Ello no obstante, cada vez son más los hombres de Iglesia partidarios de integrar a las mujeres en la institución. Unos, alarmados por la crisis de vocaciones masculinas. Otros, impelidos por “el hambre y sed de justicia” evangélica. Los primeros no se plantean siquiera la necesidad de reformar el sistema jerárquico y absolutista que viene imperando en la Iglesia casi desde el principio; mientras que los segundos son de la opinión de que, el acceso de la mujer al sacerdocio y a los puestos de responsabilidad, vendrá dado como una consecuencia lógica de una iglesia fraterna e igualitaria.

Exigimos igualdad de hecho y de derecho.

Las mujeres en el seno de la Iglesia estamos también divididas en cuanto a prioridades. Las hay que están dispuestas a contentarse con las bellas palabritas de la Mulieris Dignitatem de Juan Pablo II, y son felices “ganando el cielo” sometiéndose(al esposo las casadas y al clero las consagradas). Otras están convencidas de que el aceptar las migajas de responsabilidad que ellos nos permiten tener, es a lo más que podemos aspirar las mujeres por el hecho de nuestra “condición femenina” Las hay incluso capaces de generar una verdadera animosidad contra aquellas que reclamamos equiparación (en dignidad, libertad, responsabilidad y oportunidades) con los hombres en la Iglesia y en la familia.
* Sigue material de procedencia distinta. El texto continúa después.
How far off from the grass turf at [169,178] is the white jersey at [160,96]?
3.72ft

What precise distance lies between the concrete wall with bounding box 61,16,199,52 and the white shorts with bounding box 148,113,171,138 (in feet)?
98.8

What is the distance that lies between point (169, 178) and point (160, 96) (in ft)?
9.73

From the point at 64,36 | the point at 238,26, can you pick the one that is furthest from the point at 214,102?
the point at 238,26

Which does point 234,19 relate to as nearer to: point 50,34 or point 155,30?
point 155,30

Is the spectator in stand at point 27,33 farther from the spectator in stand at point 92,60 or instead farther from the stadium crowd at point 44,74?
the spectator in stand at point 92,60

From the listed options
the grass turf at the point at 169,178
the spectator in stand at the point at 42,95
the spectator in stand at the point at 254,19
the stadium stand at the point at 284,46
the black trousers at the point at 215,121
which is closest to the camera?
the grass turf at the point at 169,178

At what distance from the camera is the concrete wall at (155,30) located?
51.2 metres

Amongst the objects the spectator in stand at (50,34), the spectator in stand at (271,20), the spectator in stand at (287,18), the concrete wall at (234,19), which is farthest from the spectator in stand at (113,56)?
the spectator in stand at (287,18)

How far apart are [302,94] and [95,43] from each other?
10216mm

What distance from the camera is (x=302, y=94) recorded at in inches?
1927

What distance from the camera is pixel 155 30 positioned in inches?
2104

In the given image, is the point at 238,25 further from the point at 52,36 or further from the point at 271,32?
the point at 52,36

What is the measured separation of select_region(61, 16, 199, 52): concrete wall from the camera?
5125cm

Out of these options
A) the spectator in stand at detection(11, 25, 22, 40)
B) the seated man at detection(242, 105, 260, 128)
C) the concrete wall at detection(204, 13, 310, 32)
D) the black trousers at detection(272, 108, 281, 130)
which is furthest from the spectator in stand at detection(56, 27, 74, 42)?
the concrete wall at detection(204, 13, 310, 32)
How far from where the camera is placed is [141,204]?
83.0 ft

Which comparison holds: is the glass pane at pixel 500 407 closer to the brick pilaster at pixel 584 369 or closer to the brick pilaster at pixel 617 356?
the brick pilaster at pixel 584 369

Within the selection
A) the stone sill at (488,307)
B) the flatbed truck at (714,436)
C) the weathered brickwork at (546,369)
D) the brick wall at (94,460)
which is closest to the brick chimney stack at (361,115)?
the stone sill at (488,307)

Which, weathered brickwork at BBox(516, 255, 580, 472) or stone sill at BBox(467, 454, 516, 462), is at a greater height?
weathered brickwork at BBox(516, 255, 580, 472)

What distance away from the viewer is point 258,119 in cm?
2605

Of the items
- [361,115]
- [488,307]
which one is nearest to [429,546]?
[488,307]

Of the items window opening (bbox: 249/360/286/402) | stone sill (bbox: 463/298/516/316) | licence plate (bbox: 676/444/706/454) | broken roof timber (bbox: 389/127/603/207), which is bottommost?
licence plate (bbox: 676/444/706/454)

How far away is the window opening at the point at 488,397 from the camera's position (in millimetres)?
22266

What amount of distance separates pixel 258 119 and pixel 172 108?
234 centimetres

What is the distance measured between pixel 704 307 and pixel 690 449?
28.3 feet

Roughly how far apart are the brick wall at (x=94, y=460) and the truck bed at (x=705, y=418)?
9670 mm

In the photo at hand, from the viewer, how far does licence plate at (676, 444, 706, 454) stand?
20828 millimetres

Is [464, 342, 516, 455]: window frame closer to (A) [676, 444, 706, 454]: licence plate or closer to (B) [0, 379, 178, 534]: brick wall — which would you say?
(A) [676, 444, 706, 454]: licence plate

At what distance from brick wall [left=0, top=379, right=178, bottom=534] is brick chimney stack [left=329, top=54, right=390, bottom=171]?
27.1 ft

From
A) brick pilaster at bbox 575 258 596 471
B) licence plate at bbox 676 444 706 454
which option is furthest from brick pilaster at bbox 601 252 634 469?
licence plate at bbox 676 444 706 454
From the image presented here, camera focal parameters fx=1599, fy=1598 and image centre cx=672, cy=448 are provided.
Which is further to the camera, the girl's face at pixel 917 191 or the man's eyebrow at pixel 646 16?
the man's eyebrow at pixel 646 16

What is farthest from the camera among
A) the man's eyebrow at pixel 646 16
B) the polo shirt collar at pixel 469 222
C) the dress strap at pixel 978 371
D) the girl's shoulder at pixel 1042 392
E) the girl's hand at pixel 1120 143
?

Parecen temerosas de que nosotras, con nuestras exigencias, estemos radicalizando al clero más retrógrado y obstaculizando el que la institución les abra las puertas pues, en el fondo, solo aspiran a “situarse” y son incapaces de solidarizarse con todo el género femenino. Entre las que nos definimos como “feministas”, hay también división de opiniones: las hay impacientes por demostrar que ellas son capaces de hacer las cosas de diferente manera (mejor) que los hombres. Y finalmente estamos las que exigimos un cambio o reforma a fondo de la Iglesia que la permita recuperar el Espíritu Fraterno del Evangelio de Jesús de Nazaret, ahora extraviado entre parafernalias, honores, riquezas y ambición de poder.